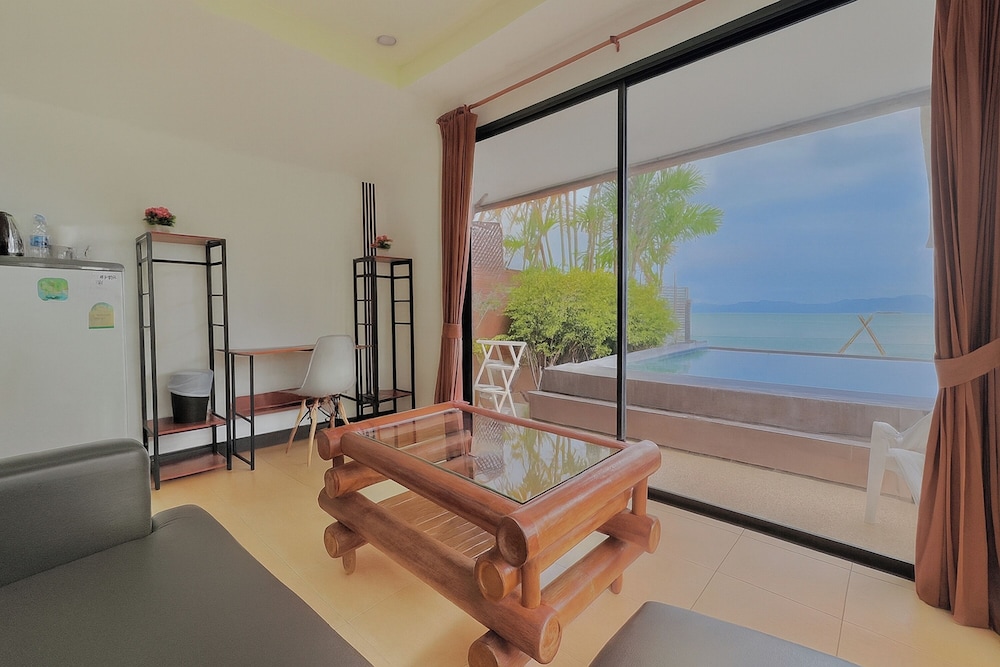 The Shore Samui 52/70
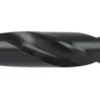 Irwin HSS Pro bor 4 mm 2 stk. | Bor & Bits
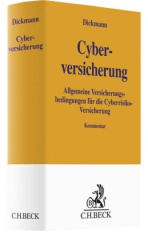 Cyberversicherung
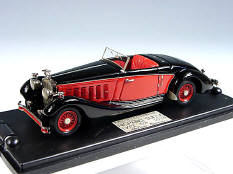 MA COLLECTION (SUISSE) (1)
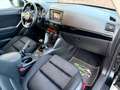 Mazda CX-5 CX-5 2.2 SKYACTIV-D 2WD Premium Edition Zwart - thumbnail 11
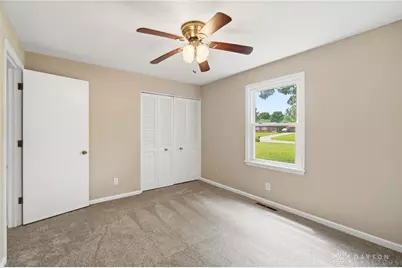 7310 Kings Run Road, Washington Twp, OH 45459 - Photo 51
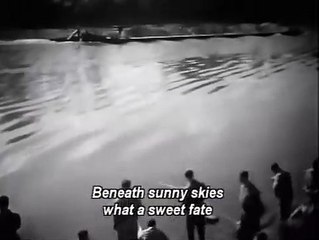 À Nous la Liberté | movie | 1931 | Official Clip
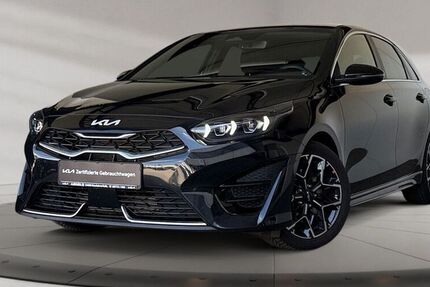 Kia ceed / Ceed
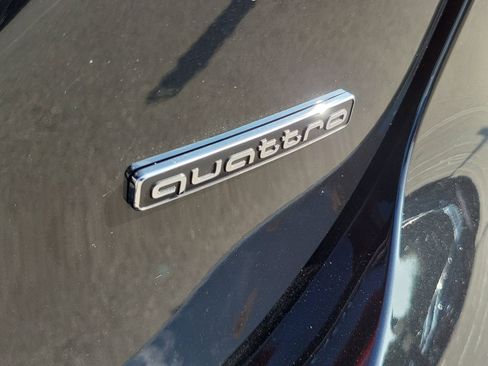 Used 2025 Audi A5 2.0T Premium Plus w/ Premium Plus image 6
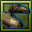 Light Shoes 1 (uncommon)-icon.png
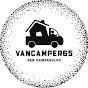 VanCamper65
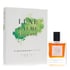 Francesca Bianchi Luxe Calme Volupte Cologne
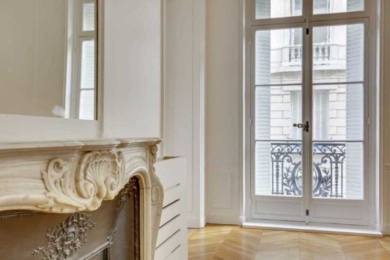 A VENDRE Bureaux 435m2 ref 1454172-0V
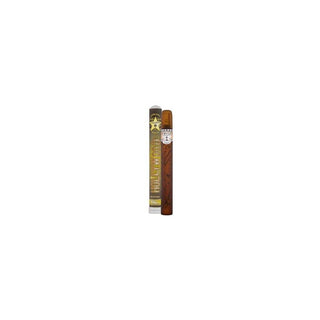 Cuba City Hollywood EDP W 35 ml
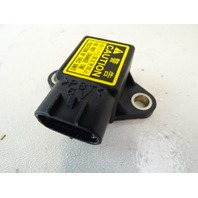 Lexus GX470 module, sensor deceleration 89441-60010 Lexus GX470 module, sensor deceleration 89441-60010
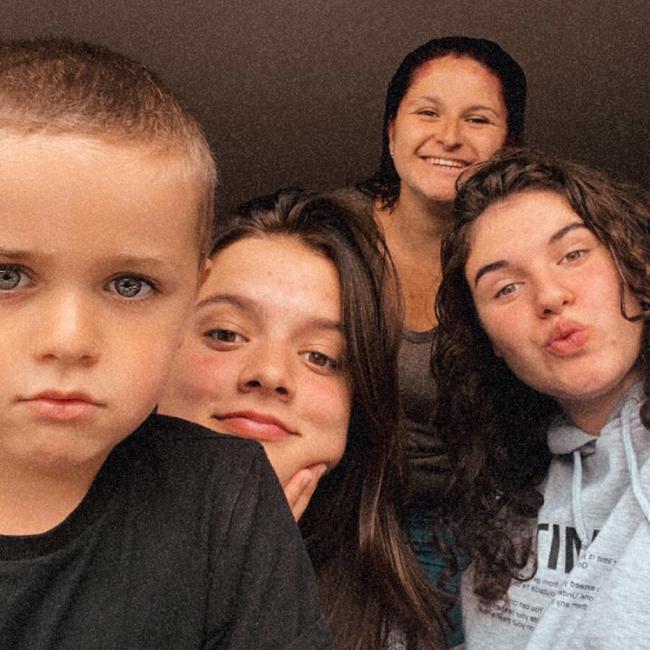 Babysitter in Antwerpen: M
starrey-sue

━━━━━━

*ASSIGNMENT*: When the line containing "Francesca Bianchi Luxe Calme Volupte Cologne" has been located, retype it and each line after it through the end of the records, excluding the pictures and adding nothing else.

*SOLUTION FOR THIS EXERCISE*:
 Francesca Bianchi Luxe Calme Volupte Cologne
 A VENDRE Bureaux 435m2 ref 1454172-0V
 Cuba City Hollywood EDP W 35 ml
 Lexus GX470 module, sensor deceleration 89441-60010 Lexus GX470 module, sensor deceleration 89441-60010
 Babysitter in Antwerpen: M
starrey-sue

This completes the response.